Task prompt :: As you print the data below, keep every line exactly as it is and leave the images behind.

Entries shown ::

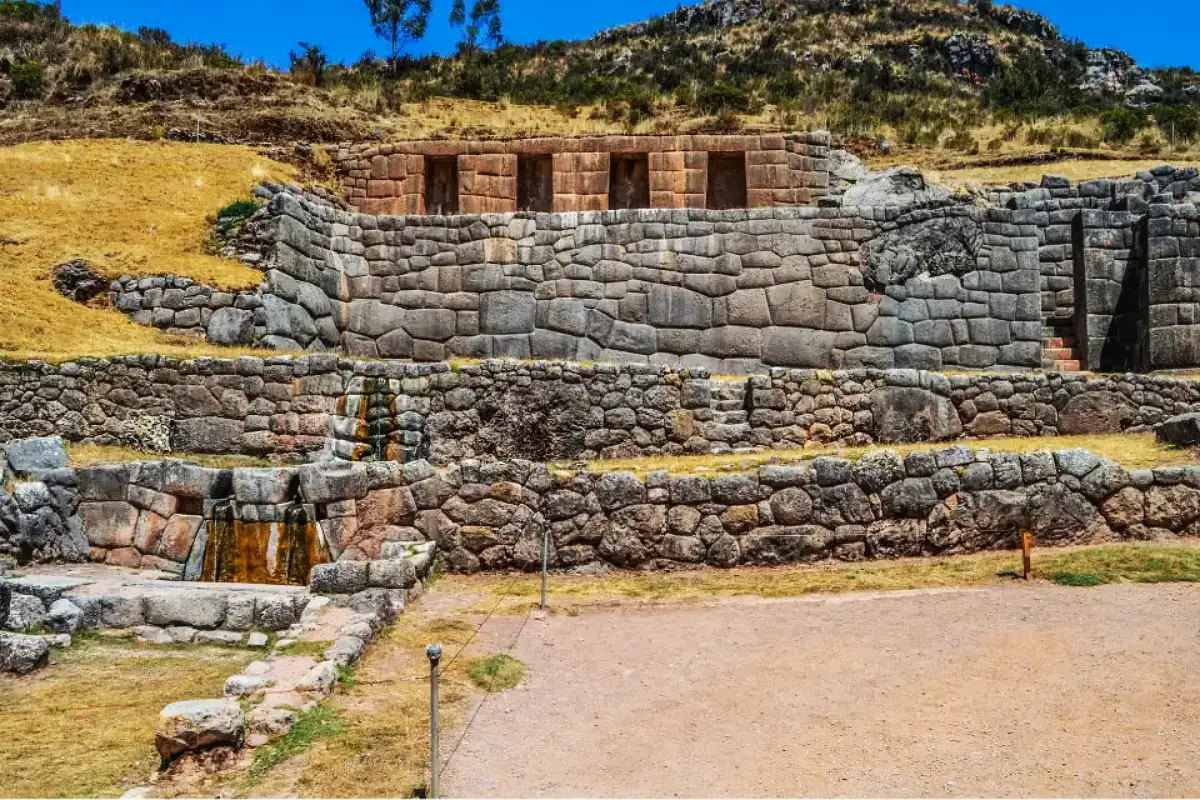 Muro de las cuatro hornacinas de Tambomachay | Trekero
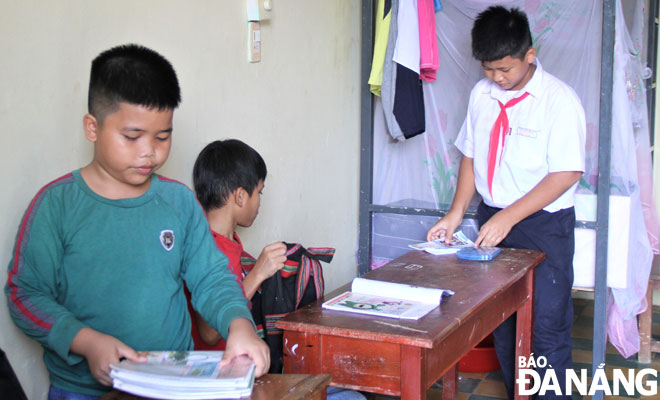 Học sinh đồng bào Cơ tu tại xã Hòa Bắc được hỗ trợ kinh phí để học bán trú, nội trú.  Ảnh: ÁNH DƯƠNG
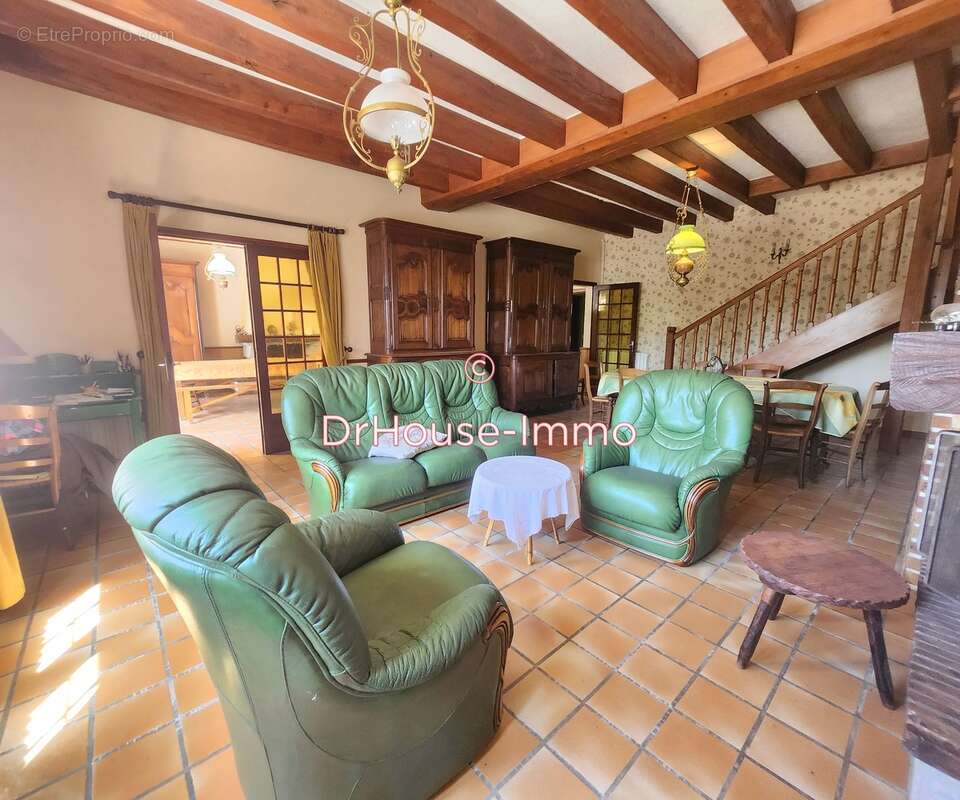 Maison à COURCEBOEUFS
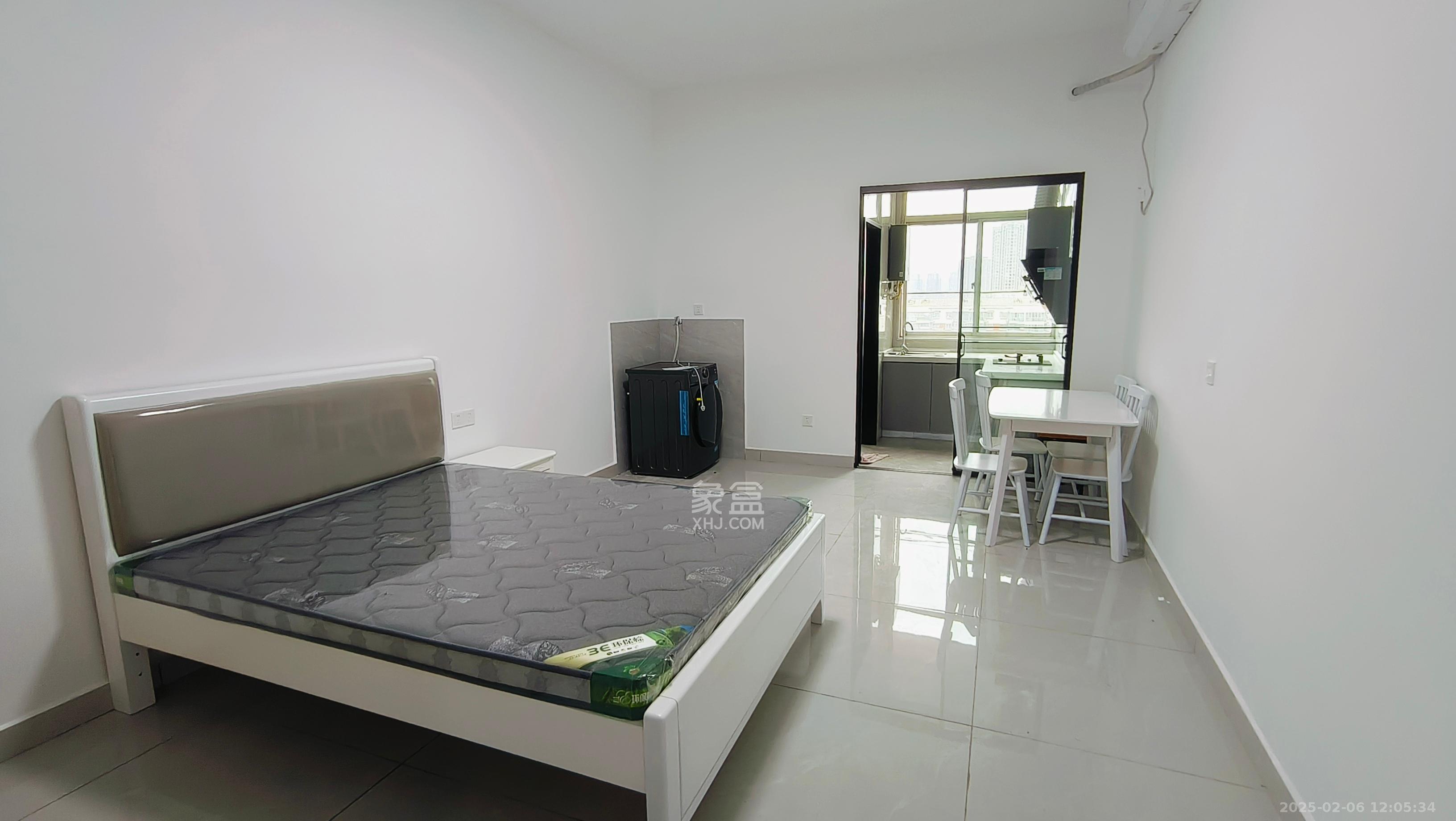 四季如春酒店(原名鑫元大酒店) 1室0厅0卫 2000.0元/月 四季如春酒店(原名鑫元大酒店) 1室0厅0卫 2000.0元/月室内图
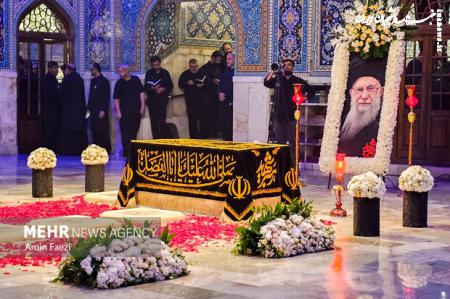 اثر محمد روح‌الامین بر «روی‌پوش» جایگاه ابدی رهبر شهید جلوه‌گر شد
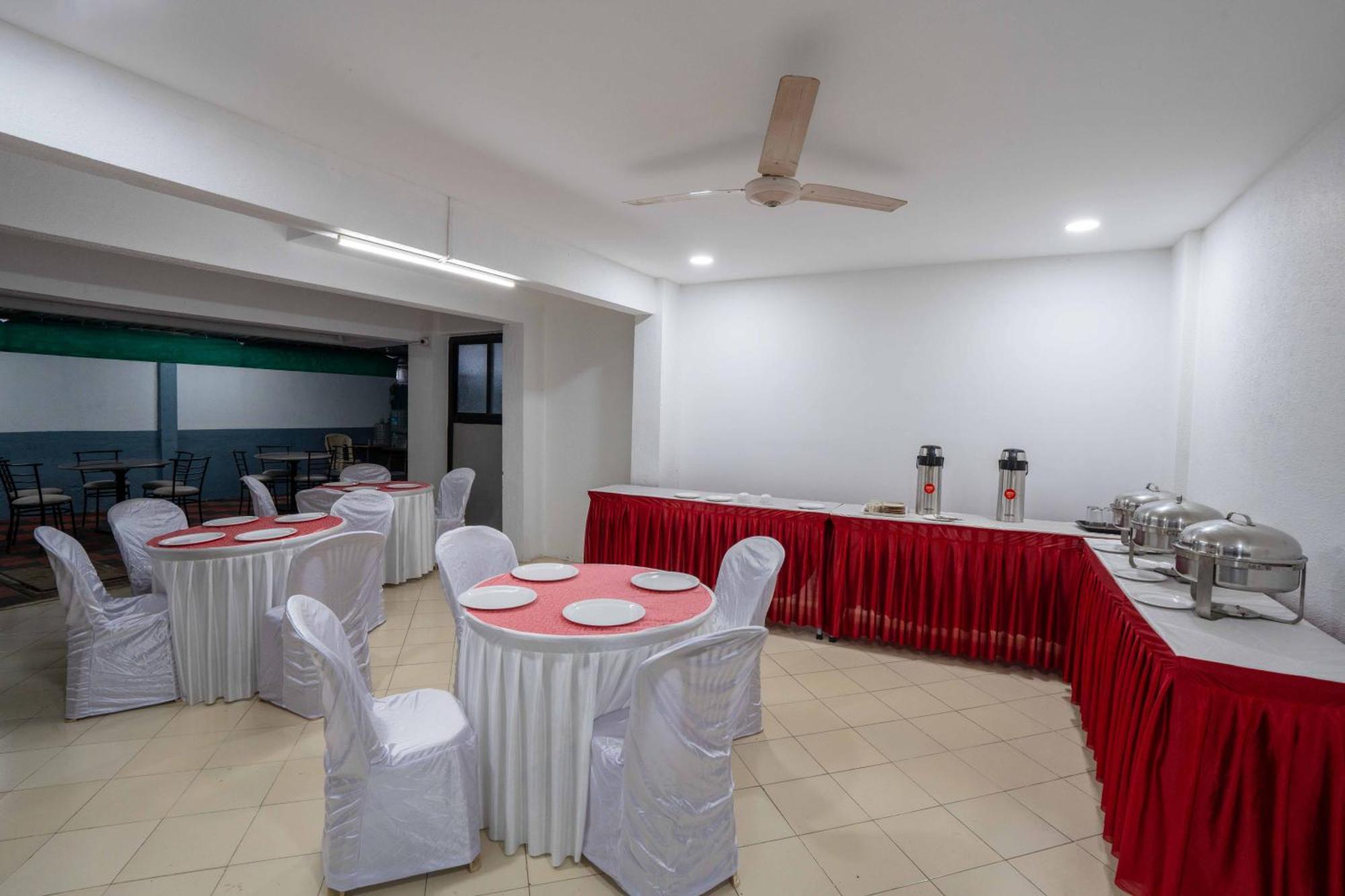 Treebo Royal Comfort Atithi ปูเน่ ภายนอก รูปภาพ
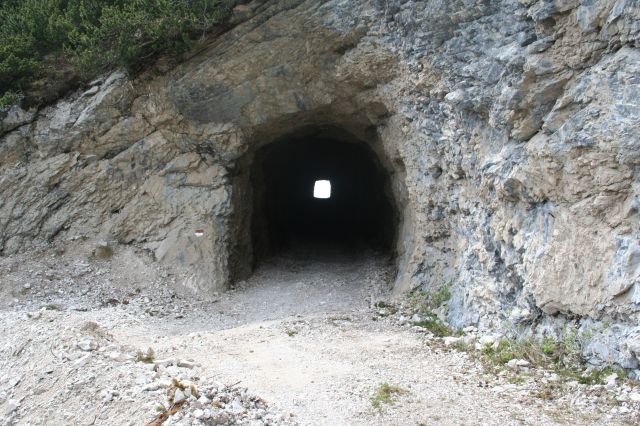 8979-img1301.jpg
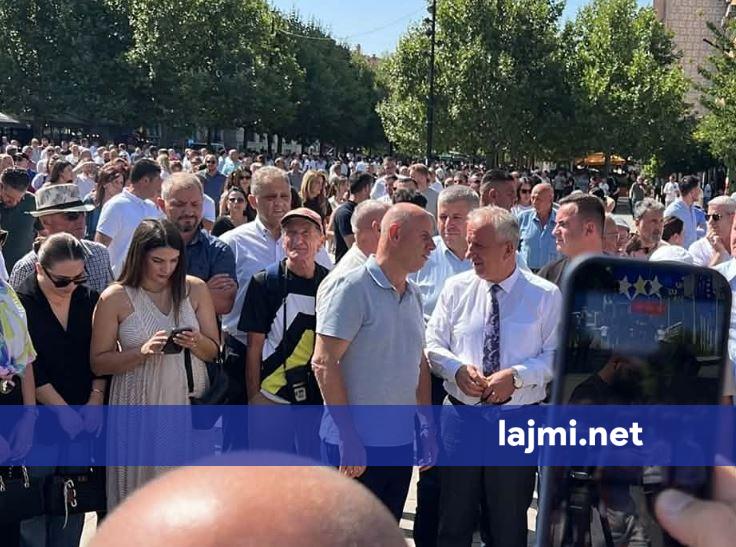 Nis protesta e kryetarëve të komunave para Qeverisë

Output of the task ::
 Muro de las cuatro hornacinas de Tambomachay | Trekero
 Học sinh đồng bào Cơ tu tại xã Hòa Bắc được hỗ trợ kinh phí để học bán trú, nội trú.  Ảnh: ÁNH DƯƠNG
 Maison à COURCEBOEUFS
 四季如春酒店(原名鑫元大酒店) 1室0厅0卫 2000.0元/月 四季如春酒店(原名鑫元大酒店) 1室0厅0卫 2000.0元/月室内图
 اثر محمد روح‌الامین بر «روی‌پوش» جایگاه ابدی رهبر شهید جلوه‌گر شد
 Treebo Royal Comfort Atithi ปูเน่ ภายนอก รูปภาพ
 8979-img1301.jpg
 Nis protesta e kryetarëve të komunave para Qeverisë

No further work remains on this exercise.